I was able to prove this proposition. However, the difficulty begins for me in the ensuing paragraph:

"The sum $f+g$ of two measurable extended real-valued functions $f$ and $g$ is not properly defined at points at which $f$ and $g$ take infinite values of opposite sign. Assume $f$ and $g$ are finite a.e. on $E$. Define $E_0$ to be the set of points in $E$ at which both $f$ and $g$ are finite."

OK, I'm good so far. Understand that completely. Continuing with the paragraph ...

"If the restriction of $f+g$ to $E_0$ is measurable, then, by the preceding proposition, any extension of $f+g$, as an extended real-valued function, to all of $E$ is also measurable."

I am in trouble with the last statement, as $f+g$ might not be defined on $E\backslash E_0$.

Then Royden continues with Theorem 6: Let $f$ and $g$ be measurable functionis on $E$ that are finite a.e. on $E$. Then $f+g$ is measurable on $E$.

The first line of the proof is as follows:

Proof: By the above remarks, we may assume $f$ and $g$ are finite on all of $E$.

This last line just blows me away. I don't get it.

Any thoughts that might be helpful?

Possible Solution

I want to thank folks for their suggestions. I'd like to post a possible interpretation that will help solve my difficulties. Please let me know if I am finally thinking properly.

We start by letting $f$ and $g$ be measureable functions on $E$ that are finite a.e. on $E$. Let $E_0$ be the set of points in $E$ at which both $f$ and $g$ are finite. Thus, $m^*(E_0)=0$ and that makes $E_0$ a measurable set. Because both $f$ and $g$ are measurable functions on $E$, that make $E$ a measurable set. Because the set of measurable sets is a $\sigma$-algebra, $E-E_0=E\cap E_0^C$ is also a measurable set. I will now define two new functions, extensions of the given $f$ and $g$ to all of the set $E$.

$$f^*(x)=\begin{cases} f(x), & \text{if $x\in E_0$}\\ 0, & \text{otherwise} \end{cases}$$

And:

$$g^*(x)=\begin{cases} g(x), & \text{if $x\in E_0$}\\ 0, & \text{otherwise} \end{cases}$$

The first thing to note is that $f=f^*$ a.e. on $E$, so $f^*$ is measurable on $E$. The second thing to note is that $g=g^*$ a.e. on $E$, so $g^*$ is measurable on $E$. This is by part (1) of the opening proposition above.

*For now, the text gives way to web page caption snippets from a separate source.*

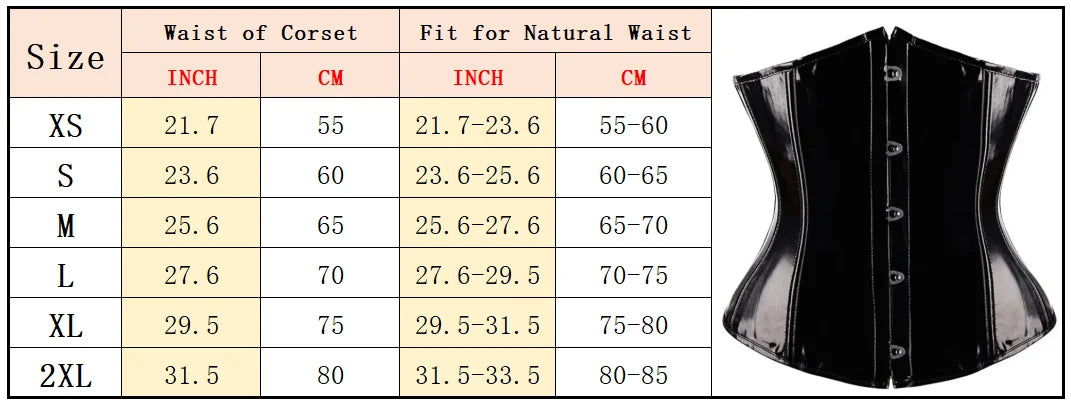 Steampunk PVC Leather Underbust Corset Front Busk Waist Trainer Cincher Top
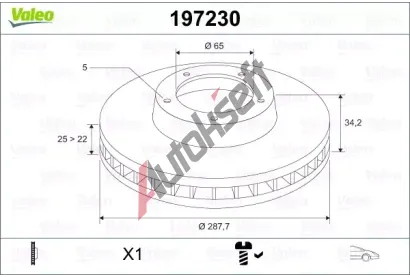 VALEO Brzdov kotou - 288 mm VA 197230, 197230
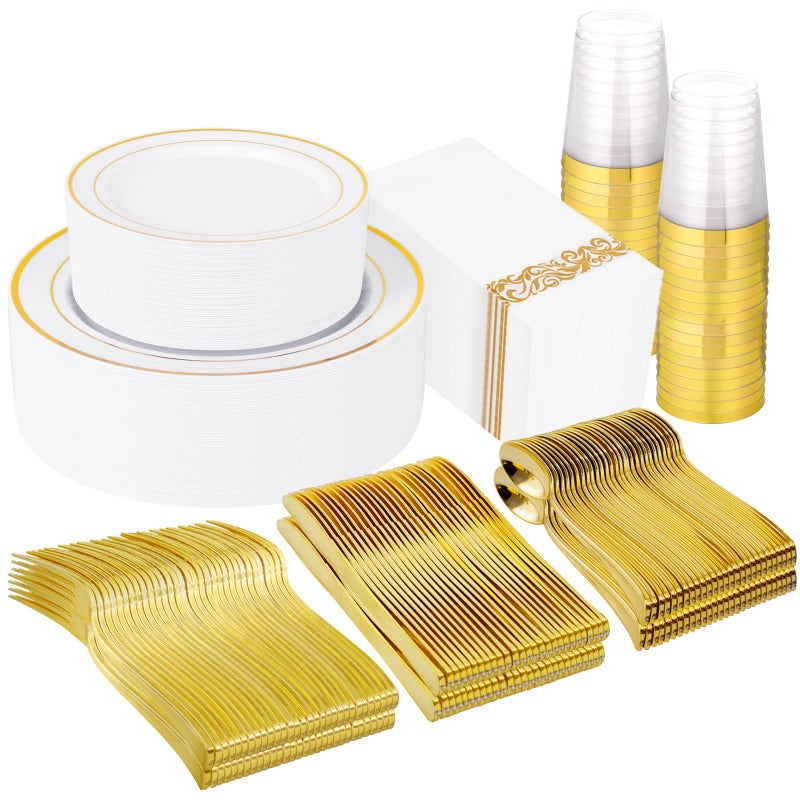 Supernal 400pcs Gold Plastic Dinnerware Set for 50 GuestsGold Plastic Plates Heavy Duty Disposable Party Plates 200 Gold Plastic Silverware Linen Napkins Clear Cups For WeddingBirthday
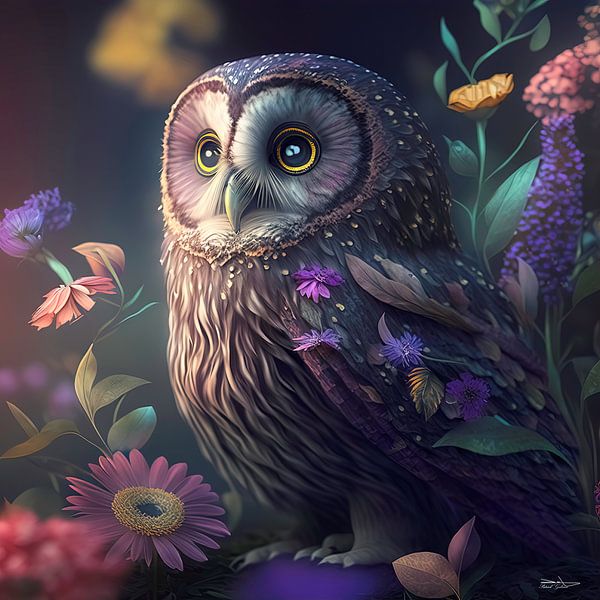 Eule mit Blumen von Gelissen Artworks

Next, both $f^*$ and $g^*$ are finite on all of $E$. Now, suppose that I succeed in showing that $f^*+g^*$ is measurable on $E$. The next thing to note is that $f+g$=$f^*+g^*$ almost everywhere on $E$. Again, by part (1) of the opening proposition above, $f+g$ is measurable on $E$.

I think I have it. Am I correct in my thinking?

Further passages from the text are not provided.